• [Task to carry out]
Nothing outside the range is wanted. Repeat exactly the lines below from the one with "Diamond Drop Table" through the one with "COVER STORY V-Neck Basic Jumpsuit, Rust".

Short text fragments from websites:
---------------

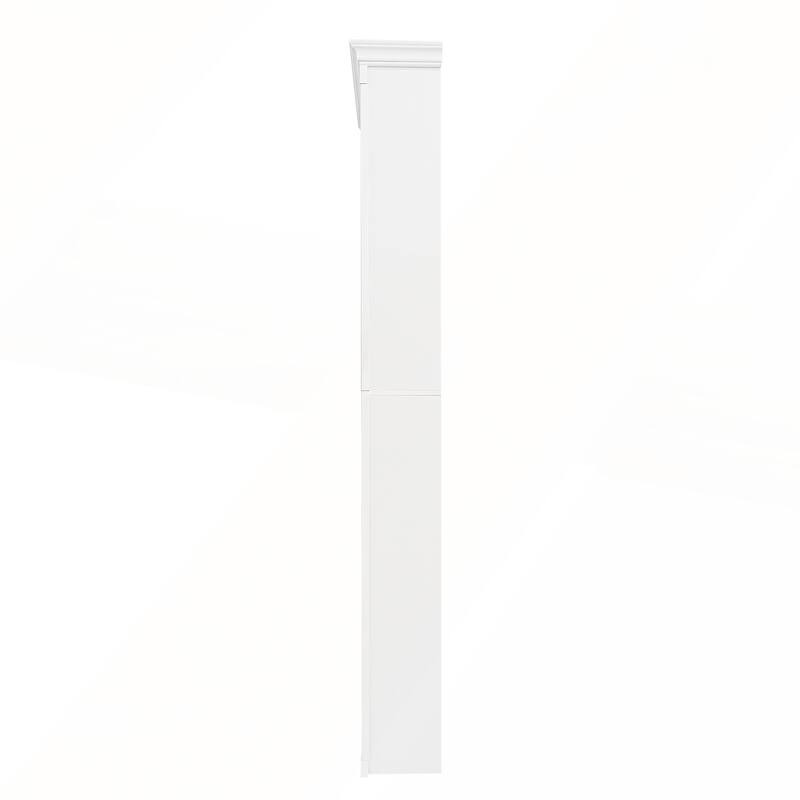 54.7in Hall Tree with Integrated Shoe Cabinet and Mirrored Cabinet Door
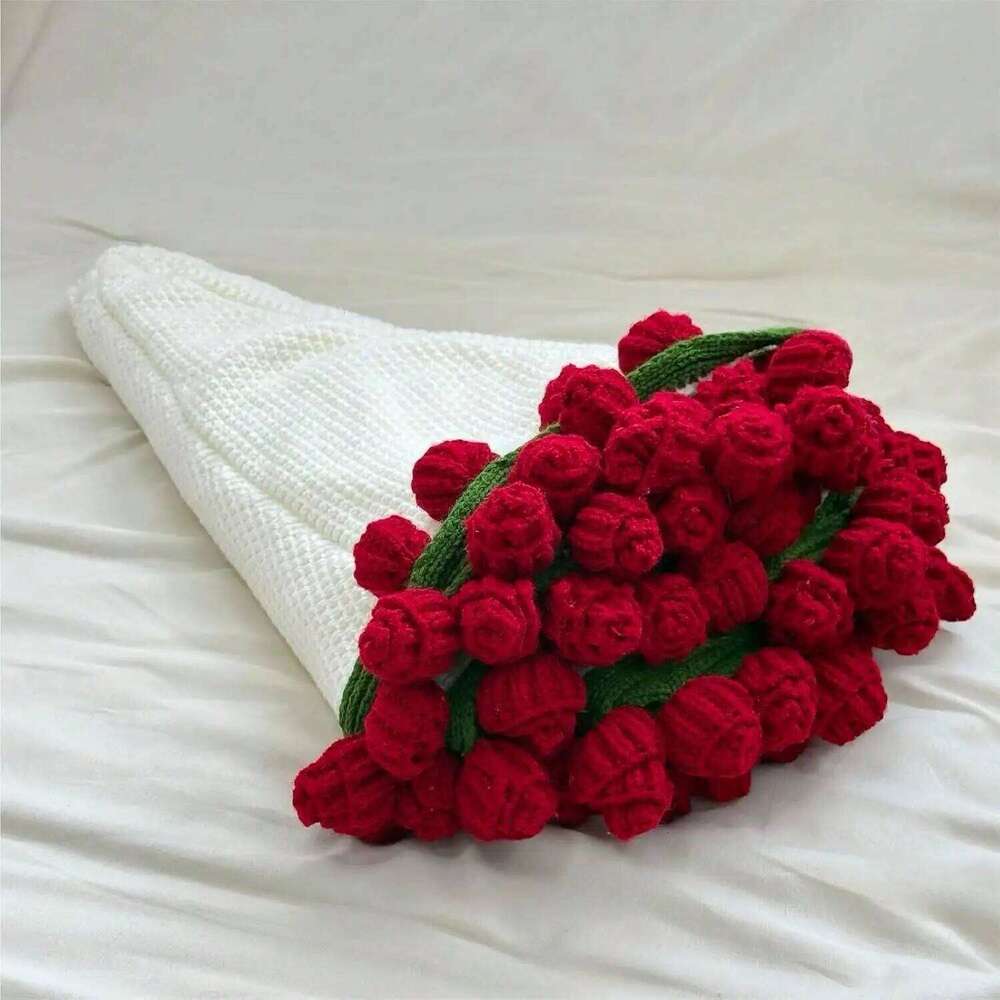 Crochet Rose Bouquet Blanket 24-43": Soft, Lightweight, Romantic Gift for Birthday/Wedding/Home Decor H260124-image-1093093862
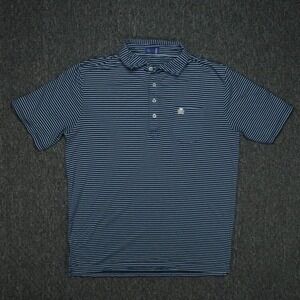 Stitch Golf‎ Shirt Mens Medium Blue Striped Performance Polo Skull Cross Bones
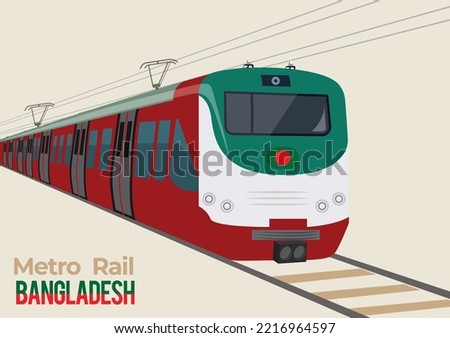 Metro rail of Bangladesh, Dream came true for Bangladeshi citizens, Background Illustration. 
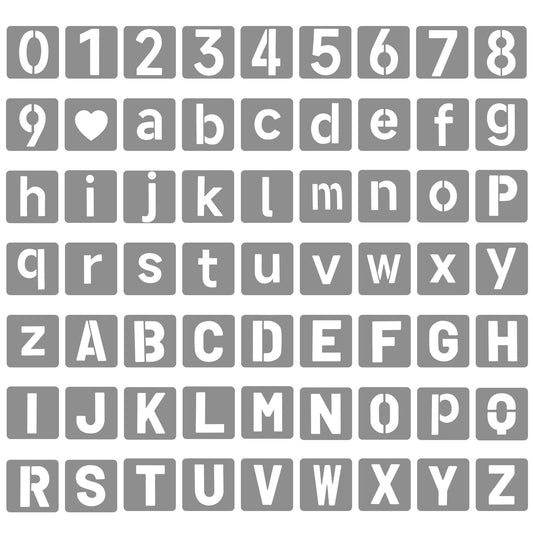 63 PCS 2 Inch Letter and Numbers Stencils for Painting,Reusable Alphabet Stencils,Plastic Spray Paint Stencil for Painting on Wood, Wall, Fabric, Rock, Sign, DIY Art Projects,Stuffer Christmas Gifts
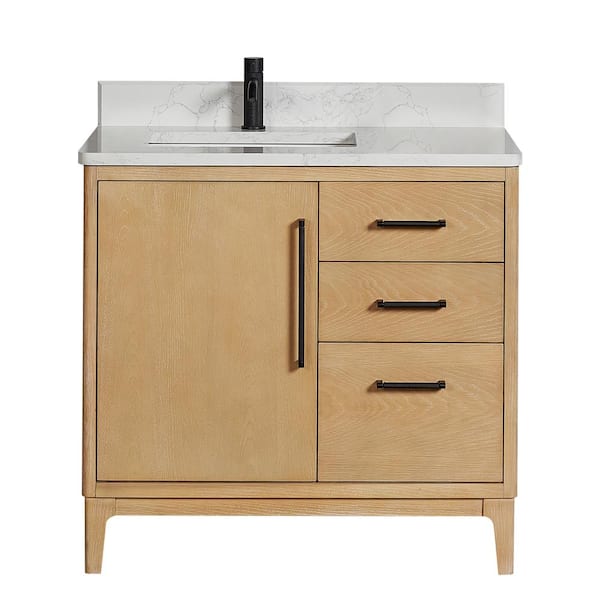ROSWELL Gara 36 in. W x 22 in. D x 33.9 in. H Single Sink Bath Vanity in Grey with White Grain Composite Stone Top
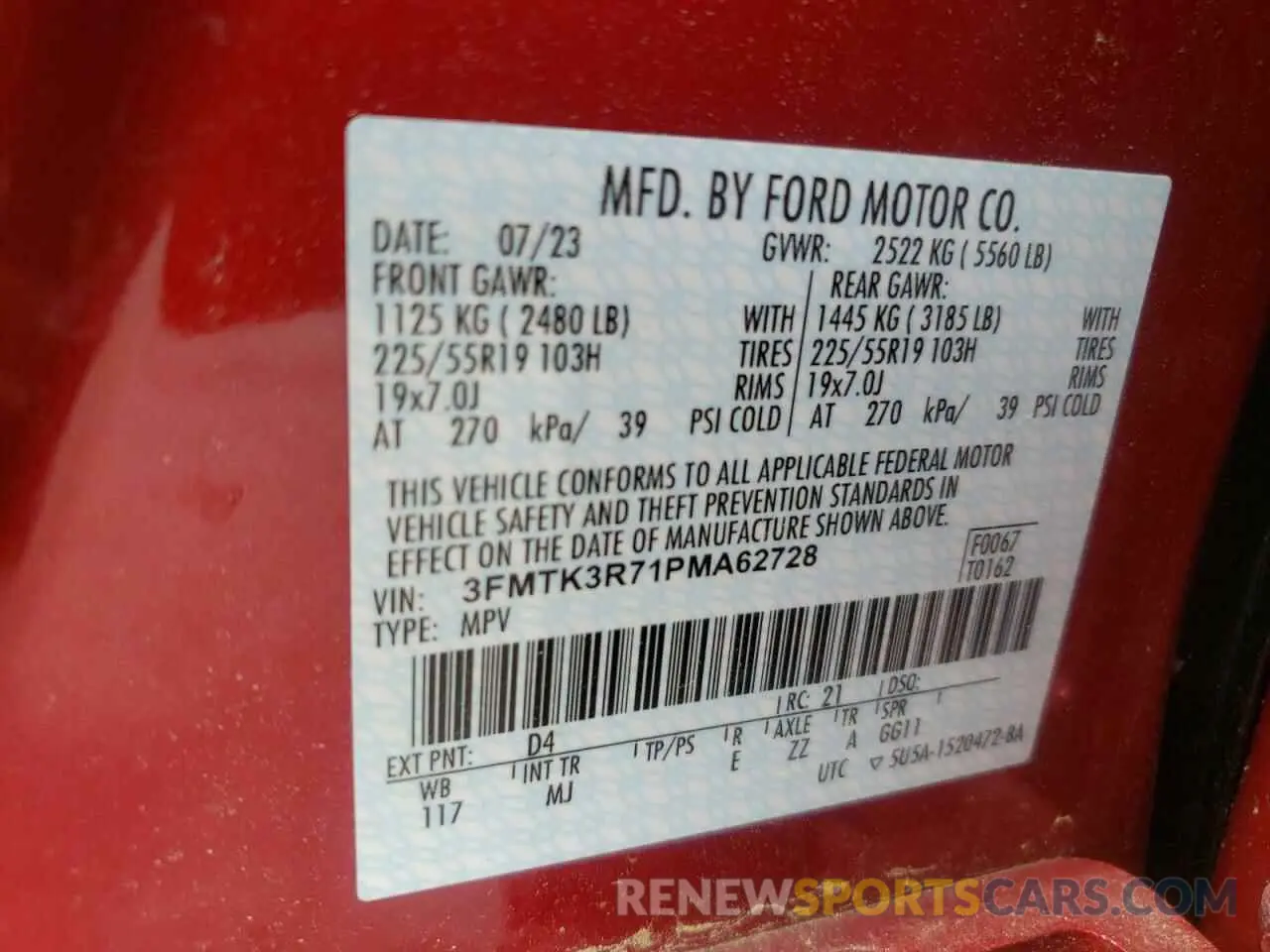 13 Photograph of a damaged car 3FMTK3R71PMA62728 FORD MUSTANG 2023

---------------

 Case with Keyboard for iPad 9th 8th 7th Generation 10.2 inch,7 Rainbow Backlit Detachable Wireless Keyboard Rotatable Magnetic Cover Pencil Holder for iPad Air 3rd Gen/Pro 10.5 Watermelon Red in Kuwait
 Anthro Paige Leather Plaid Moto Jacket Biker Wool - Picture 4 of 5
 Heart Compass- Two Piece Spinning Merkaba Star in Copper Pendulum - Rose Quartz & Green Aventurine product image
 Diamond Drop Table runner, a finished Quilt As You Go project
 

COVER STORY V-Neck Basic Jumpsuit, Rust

---------------

• [Written answer]
 Diamond Drop Table runner, a finished Quilt As You Go project
 

COVER STORY V-Neck Basic Jumpsuit, Rust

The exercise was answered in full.